How to backpropagate a black box generated cost value


I want to minimize the error generated by my black box but there is no grad_fn attached to it. How could the autograd know what to do with this loss value?


Autograd cannot create the backward pass without a grad_fn and you should get an error like:

RuntimeError: element 0 of tensors does not require grad and does not have a grad_fn

Did you detach the tensor manually from the computation graph or what is your exact use case?

The thing is the value generated by RNN is “interpreted”. No computations are made on it in blackbox so the error generated is detached. Is there any way I could backpropagate to minimize that detached error (by somehow manually attaching it).

The only valid way I could think of at the moment, is to write the backward function manually for your blackbox methods.

The blackbox is a simulation, I do not think it is possible to write a backward for it. I attempted to call back() on the output of RNN directly giving the error as all the gradients, it failed the system.
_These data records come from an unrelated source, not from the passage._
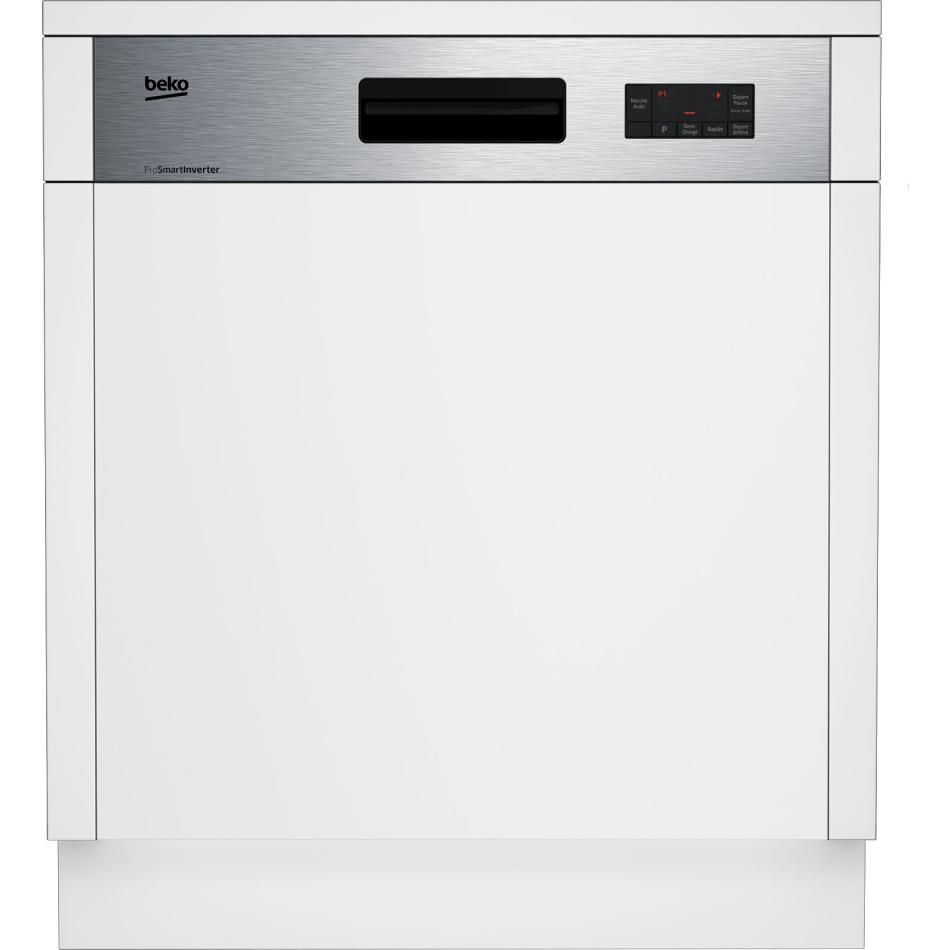 BEKO lave vaisselle 60 cm intégrable 13 couverts 47 db inox PDSN25311X - vue 7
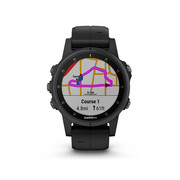 Zegarek sportowy z GPS Garmin Fenix 5S Plus Sapphire czarny (010-01987-03)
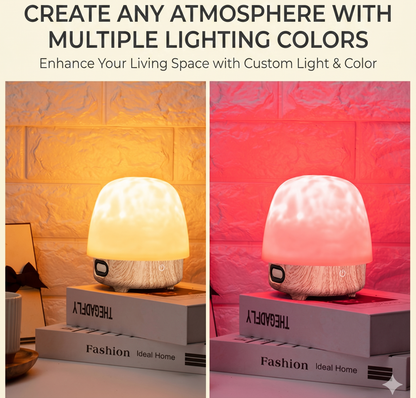 korakio®🌊Mesmerizing Ocean Wave Lamp™ – 16 Colors & Auto-Off Timer（副本）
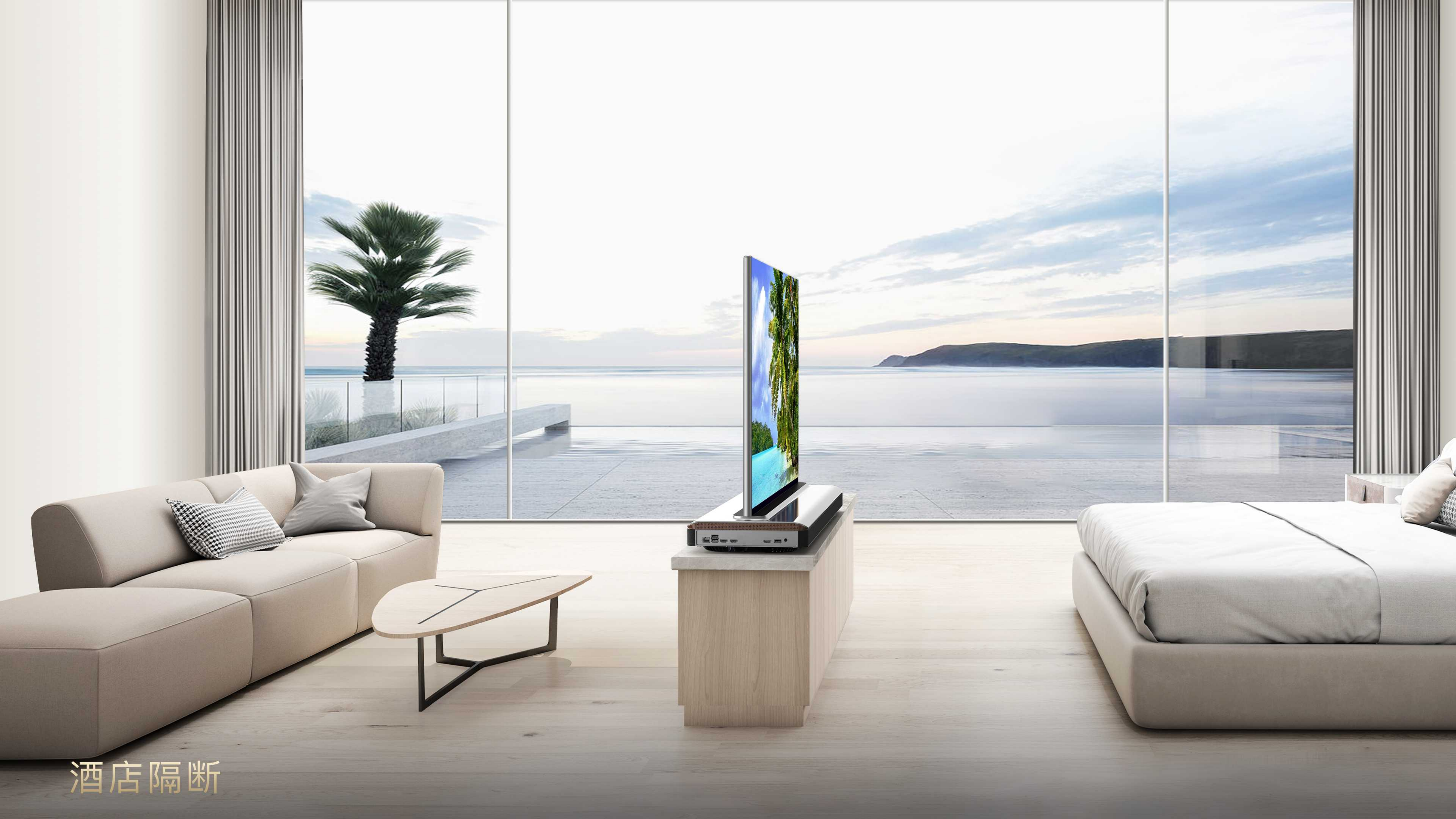 FPD电视机品牌：双面屏电视开启家庭共享娱乐新“视”界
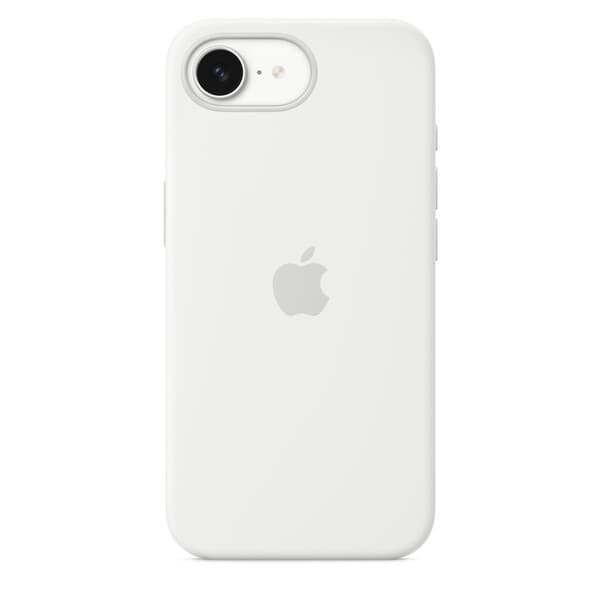 Apple iPhone 16e -silikonikuori, Valkoinen – Apple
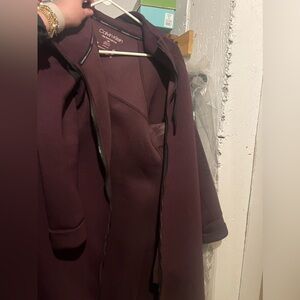 Calvin Klein neoprene zip up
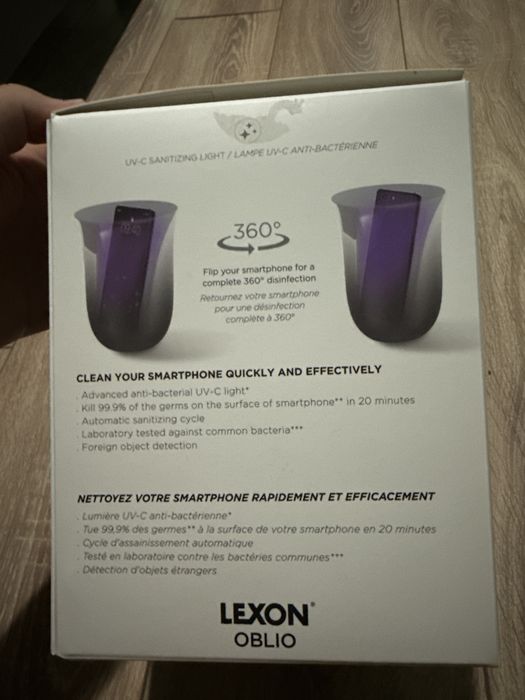 Vand incarcator wireless cu sterilizator UV Lexon Oblio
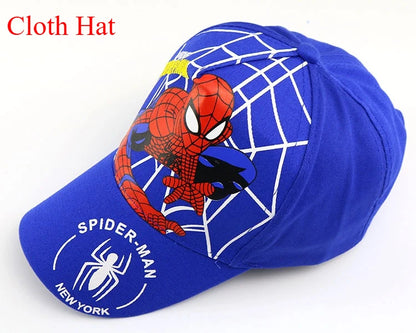 Marvel Anime Figure Spider-Man Cartoon Baseball Cap Cotton Polyester Peaked Cap Boy Girl Headwear Accessories Kids Birthday Gift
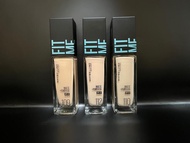 maybelline媚比琳 FIT ME 反孔特霧粉底液 全新升級PRO版 #110 #112 #109 30ml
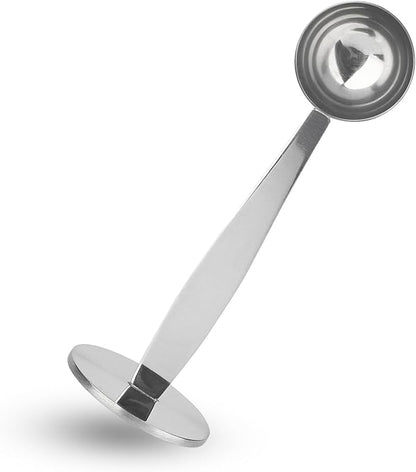 DFD 2-Inch-1 Coffee Scoops, 304 Stainless Steel Tablespoon Measure Spoon with Pressed Bottom for Coffee Bean Press Coffee Grinding Pressing（Silver15 ml）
The computation graph is built during the forward pass and is used in the backward pass to calculate the gradients.
If you are detaching some tensors from the graph, you would need to write the backward manually, as explained.

If that’s not possible, you won’t be able to compute the gradients using the standard backward call.
Maybe some other training approaches might work (e.g. evolutionary algorithms)?


I have a same problem.
How did you solve the problem.
I don’t know how to get the gradient of black box.


I am facing a similar problem. I apply RNN (LSTM/ or GRU or TFT) to generate driving signals, however, there is no label data(target signal) to calculate loss function directly. However, there is one-to-one relationship (pre-known with certain unknown noises) between the driving signals and the response signal. The response signal has target data to generate loss function.
I am wondering to applied decoder (another LSTM to model the relation-ship between driving signal and the response), however, this might increase the complexity (since the relationship between driving signal and the response is 90% known in advance).
Now I am learning the autograd of Pytorch, hoping that the parameters of RNN could be auto-corrected by the indirect loss function. I try to make the response signal to be (requires_grad=True), however, it does not update the model at all, since the loss keeps all the same during training.

Any suggestion?
Perhaps you could use a so-called straight through estimator to bypass the black-box?
Thank you so much for the fast reply. I will research on it and update the results.

Hi, I try to apply the STE and self-defined function for indirect loss-function calculation. There are several questions listed below.
Here are the snippet of my code.

normalized time series data with lookback

df = pd.DataFrame()
for i in range(look_back):

df = pd.concat([df, pd.DataFrame(train_X_norm.tolist()[i:-(look_back - i)])], ignore_index=True, axis=1)

print("df: ")

df_numpy = np.array(df)
df_tensor = torch.Tensor(df_numpy)

Here is the trainset class definition

class mytrainset(Dataset):

def __init__(self, df_tensor, train_y):, self.label = df_tensor[:, :].float(), train_y[:]
def __getitem__(self, index):
    return[index], self.label[index]
def __len__(self):
    return len(

Define the trainset and loader, specify the device

trainset = mytrainset(df_tensor, train_y_norm[look_back:]) # train_y
trainloader = DataLoader(trainset, batch_size=10, shuffle=False)
device = torch.device(‘cuda’ if torch.cuda.is_available() else ‘cpu’)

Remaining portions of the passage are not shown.